From the first line of the data below, copy each line up to the one containing "uxcell BallScrew SFU1204", and include that line too.

══════════════════════════════

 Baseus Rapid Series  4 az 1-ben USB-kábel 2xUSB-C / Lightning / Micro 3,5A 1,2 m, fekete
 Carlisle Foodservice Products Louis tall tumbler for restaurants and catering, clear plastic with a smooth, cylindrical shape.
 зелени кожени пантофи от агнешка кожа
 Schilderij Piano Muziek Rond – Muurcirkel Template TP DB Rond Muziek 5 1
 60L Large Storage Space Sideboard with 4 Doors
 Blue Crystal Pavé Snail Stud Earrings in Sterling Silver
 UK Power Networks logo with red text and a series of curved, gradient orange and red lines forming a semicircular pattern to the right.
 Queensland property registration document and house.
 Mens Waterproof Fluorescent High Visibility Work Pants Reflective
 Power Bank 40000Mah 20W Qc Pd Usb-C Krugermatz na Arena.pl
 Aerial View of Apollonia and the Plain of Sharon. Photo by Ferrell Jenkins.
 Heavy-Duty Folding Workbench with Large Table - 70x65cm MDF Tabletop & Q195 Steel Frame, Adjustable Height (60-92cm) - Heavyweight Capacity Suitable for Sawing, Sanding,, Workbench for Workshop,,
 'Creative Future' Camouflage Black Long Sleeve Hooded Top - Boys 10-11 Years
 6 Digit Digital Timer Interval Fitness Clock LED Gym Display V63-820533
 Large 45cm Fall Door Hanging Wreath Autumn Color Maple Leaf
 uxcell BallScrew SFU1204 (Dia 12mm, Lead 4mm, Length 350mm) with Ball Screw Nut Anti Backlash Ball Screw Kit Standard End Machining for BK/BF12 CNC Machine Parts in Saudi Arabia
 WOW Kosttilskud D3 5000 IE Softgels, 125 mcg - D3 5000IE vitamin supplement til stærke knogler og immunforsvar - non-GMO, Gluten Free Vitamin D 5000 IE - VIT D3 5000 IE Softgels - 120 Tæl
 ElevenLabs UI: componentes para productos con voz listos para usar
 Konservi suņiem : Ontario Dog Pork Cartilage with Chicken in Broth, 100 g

══════════════════════════════

Task answer:
 Baseus Rapid Series  4 az 1-ben USB-kábel 2xUSB-C / Lightning / Micro 3,5A 1,2 m, fekete
 Carlisle Foodservice Products Louis tall tumbler for restaurants and catering, clear plastic with a smooth, cylindrical shape.
 зелени кожени пантофи от агнешка кожа
 Schilderij Piano Muziek Rond – Muurcirkel Template TP DB Rond Muziek 5 1
 60L Large Storage Space Sideboard with 4 Doors
 Blue Crystal Pavé Snail Stud Earrings in Sterling Silver
 UK Power Networks logo with red text and a series of curved, gradient orange and red lines forming a semicircular pattern to the right.
 Queensland property registration document and house.
 Mens Waterproof Fluorescent High Visibility Work Pants Reflective
 Power Bank 40000Mah 20W Qc Pd Usb-C Krugermatz na Arena.pl
 Aerial View of Apollonia and the Plain of Sharon. Photo by Ferrell Jenkins.
 Heavy-Duty Folding Workbench with Large Table - 70x65cm MDF Tabletop & Q195 Steel Frame, Adjustable Height (60-92cm) - Heavyweight Capacity Suitable for Sawing, Sanding,, Workbench for Workshop,,
 'Creative Future' Camouflage Black Long Sleeve Hooded Top - Boys 10-11 Years
 6 Digit Digital Timer Interval Fitness Clock LED Gym Display V63-820533
 Large 45cm Fall Door Hanging Wreath Autumn Color Maple Leaf
 uxcell BallScrew SFU1204 (Dia 12mm, Lead 4mm, Length 350mm) with Ball Screw Nut Anti Backlash Ball Screw Kit Standard End Machining for BK/BF12 CNC Machine Parts in Saudi Arabia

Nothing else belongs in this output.